What is Mutual Fund and How it Works – Understanding the Basics
September 19, 2019
Over the past decade, Mutual Funds have emerged as one of the most popular forms of investment in India. If you want to start investing in Mutual Funds, you ought to know what are Mutual Funds and how they work. Read on this article to know more.
What is Mutual Fund?
A Mutual Fund scheme, as the name itself suggests, is a shared fund where money from different investors is pooled together, and the accumulated corpus is invested in diverse groups of assets such as stocks and bonds. The Mutual Fund investors own share of the company whose business is buying shares in other companies or in government bonds and other securities. As a Mutual Fund investor, you cannot own the stocks in the company directly that the fund purchases, but you share the profits or the losses of the total fund’s equally – hence the term ‘Mutual Funds’.
How do Mutual Funds work?
A Mutual Fund scheme, essentially pools money from different investors and invests the amount collected in a wide range of investment tools like government bonds, shares of listed companies, debt funds, equities, corporate bonds and other assets or a combination of these investments. An expert fund manager manages the money, and the type of investment tools selected for the individual portfolio is in accordance with their investment objective and risk-taking capacity. So, if you have stated in your offer document that you want to invest in equities, the fund manager will invest a major portion of the funds in stocks. Whereas, if you want to invest in debt funds, a significant portion of the funds will be invested in bonds.

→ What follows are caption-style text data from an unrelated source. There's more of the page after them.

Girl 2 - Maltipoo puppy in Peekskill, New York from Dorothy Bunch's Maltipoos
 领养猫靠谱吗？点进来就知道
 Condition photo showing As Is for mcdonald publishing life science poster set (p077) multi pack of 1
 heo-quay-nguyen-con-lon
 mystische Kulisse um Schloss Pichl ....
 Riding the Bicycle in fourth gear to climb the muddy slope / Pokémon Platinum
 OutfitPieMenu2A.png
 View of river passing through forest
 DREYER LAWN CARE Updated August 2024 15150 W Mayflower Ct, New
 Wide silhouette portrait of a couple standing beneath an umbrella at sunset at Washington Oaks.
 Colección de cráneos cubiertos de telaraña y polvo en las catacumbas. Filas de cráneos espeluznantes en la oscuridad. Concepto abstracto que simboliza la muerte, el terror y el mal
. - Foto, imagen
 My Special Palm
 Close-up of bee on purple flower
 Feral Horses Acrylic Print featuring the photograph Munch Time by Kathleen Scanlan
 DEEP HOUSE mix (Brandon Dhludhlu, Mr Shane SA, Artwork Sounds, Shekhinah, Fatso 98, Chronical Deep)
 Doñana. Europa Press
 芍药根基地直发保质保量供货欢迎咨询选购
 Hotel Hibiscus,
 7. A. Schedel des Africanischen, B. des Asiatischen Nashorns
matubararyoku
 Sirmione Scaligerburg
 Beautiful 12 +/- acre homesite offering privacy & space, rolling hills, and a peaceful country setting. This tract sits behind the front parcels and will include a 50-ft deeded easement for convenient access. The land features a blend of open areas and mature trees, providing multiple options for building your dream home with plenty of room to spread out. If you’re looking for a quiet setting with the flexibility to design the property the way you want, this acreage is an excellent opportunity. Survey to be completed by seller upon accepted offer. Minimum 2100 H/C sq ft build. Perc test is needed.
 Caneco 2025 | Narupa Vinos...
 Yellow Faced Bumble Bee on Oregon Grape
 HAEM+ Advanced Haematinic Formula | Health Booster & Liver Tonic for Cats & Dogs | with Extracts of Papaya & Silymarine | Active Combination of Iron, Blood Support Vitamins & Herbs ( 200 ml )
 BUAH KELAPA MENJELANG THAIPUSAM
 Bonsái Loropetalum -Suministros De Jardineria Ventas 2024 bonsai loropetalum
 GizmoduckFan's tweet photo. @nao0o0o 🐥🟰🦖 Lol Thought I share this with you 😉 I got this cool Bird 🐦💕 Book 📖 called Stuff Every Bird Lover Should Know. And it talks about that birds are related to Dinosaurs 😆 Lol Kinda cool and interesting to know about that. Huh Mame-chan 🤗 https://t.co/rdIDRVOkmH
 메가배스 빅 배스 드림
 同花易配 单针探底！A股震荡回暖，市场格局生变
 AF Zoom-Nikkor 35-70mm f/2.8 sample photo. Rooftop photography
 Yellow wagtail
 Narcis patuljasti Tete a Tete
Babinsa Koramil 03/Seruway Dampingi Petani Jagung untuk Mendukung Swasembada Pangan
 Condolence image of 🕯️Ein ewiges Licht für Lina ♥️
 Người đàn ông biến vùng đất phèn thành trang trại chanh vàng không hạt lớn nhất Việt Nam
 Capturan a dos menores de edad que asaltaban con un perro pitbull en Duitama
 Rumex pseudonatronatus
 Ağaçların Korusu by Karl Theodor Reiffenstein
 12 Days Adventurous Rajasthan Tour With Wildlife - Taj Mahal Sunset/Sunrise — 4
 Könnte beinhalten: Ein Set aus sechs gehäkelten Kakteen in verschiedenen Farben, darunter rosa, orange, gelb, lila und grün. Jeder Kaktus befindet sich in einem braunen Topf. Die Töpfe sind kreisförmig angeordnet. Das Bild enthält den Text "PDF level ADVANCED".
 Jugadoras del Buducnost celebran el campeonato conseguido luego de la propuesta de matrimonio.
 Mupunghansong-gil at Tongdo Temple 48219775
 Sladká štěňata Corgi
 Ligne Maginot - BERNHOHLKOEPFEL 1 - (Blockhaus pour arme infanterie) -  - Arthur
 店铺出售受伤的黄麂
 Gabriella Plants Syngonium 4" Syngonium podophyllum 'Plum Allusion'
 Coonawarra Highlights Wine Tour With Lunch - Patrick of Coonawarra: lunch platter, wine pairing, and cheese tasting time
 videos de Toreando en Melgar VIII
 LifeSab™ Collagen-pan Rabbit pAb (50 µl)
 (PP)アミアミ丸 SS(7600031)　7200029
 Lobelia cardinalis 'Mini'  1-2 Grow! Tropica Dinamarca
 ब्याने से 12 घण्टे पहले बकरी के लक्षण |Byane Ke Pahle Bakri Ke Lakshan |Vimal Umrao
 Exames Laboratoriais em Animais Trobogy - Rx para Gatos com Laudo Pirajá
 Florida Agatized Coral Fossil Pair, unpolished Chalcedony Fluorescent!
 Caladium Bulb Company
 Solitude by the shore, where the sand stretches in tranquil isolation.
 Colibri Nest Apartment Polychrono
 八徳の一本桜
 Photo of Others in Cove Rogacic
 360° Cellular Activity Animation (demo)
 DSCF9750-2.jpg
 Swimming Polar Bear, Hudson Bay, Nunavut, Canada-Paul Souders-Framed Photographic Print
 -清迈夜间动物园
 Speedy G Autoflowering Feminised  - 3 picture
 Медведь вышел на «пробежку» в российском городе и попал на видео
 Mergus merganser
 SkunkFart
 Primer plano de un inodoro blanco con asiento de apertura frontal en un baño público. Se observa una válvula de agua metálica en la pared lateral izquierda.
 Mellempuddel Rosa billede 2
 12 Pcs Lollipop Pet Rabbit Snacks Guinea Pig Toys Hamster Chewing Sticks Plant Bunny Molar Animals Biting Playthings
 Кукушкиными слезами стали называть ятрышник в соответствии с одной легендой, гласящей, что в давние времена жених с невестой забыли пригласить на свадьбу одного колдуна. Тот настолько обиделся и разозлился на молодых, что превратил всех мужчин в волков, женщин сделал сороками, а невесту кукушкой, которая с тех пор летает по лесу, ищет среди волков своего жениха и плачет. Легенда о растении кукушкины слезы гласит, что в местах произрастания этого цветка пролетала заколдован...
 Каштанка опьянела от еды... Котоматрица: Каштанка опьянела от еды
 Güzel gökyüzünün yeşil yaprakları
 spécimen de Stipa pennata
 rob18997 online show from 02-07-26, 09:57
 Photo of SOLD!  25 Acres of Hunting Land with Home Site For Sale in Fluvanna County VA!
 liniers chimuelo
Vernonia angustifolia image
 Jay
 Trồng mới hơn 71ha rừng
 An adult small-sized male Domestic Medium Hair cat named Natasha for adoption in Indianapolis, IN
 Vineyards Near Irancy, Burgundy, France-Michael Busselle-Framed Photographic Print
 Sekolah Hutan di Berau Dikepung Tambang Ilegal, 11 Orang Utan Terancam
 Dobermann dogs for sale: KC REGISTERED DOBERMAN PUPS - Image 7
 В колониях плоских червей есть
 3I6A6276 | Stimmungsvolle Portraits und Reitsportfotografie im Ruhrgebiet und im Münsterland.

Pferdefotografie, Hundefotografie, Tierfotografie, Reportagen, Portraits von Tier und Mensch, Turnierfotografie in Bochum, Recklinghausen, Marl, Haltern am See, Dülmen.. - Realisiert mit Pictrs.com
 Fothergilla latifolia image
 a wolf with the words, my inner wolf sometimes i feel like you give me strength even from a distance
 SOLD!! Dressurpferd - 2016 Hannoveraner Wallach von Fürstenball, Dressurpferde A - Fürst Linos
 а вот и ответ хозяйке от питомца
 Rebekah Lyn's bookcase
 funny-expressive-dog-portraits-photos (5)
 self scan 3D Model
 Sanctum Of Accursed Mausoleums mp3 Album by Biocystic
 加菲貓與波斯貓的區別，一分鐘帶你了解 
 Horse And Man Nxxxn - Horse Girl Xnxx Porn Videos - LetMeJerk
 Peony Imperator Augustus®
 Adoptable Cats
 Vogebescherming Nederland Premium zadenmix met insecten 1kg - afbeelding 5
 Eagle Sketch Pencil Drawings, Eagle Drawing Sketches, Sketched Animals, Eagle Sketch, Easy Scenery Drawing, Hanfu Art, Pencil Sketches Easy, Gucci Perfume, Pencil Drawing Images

Within the broader equity Mutual Fund category, there are different types of Mutual Funds. There are large-cap funds and mid-cap funds. These funds are focused on investing in certain stocks at a certain point of time to maximise the returns. Based on the Asset Management Company (AMC) that you are working with, there are more than one fund manager to manage your funds. These managers review the funds daily and decide where to invest the funds and when to buy and sell certain investments to ensure maximum returns. The fund managers take these investment decisions based on the investment objectives of the fund.
Just like investing in shares of a company, in Mutual Funds, money is collected from you, and other investors and the fund manager allots units. Under Mutual Funds India, the price of each fund unit is known as the Net Asset Value (NAV). The assets are invested in different bonds and stocks, which forms the portfolio of the fund. Depending on the investment objectives of the scheme, the fund manager decides the portfolio allocation.
Benefits of investing in Mutual Funds
- There are different types of Mutual Funds in India, which cater to the different types of investors. Irrespective of how small or big your monthly income/expenditure is, you can easily find a Mutual Fund to suit your investment goals and risk appetite.
- Investments in Mutual Funds up to Rs 1.5 lakh are subject to tax deductions under Section 80C of the Income Tax Act.
- Many investors favour Mutual Funds because you need not do the research, the fund manager takes care of the market research and take care of your investments.
- By investing in Mutual Funds, you get the benefit of diversification. You can invest in different asset classes like equities and debts based on your financial objective. This way, you can mitigate the risk when one asset class does not perform well; you can still gain valuable returns from the other and thus avoid loss.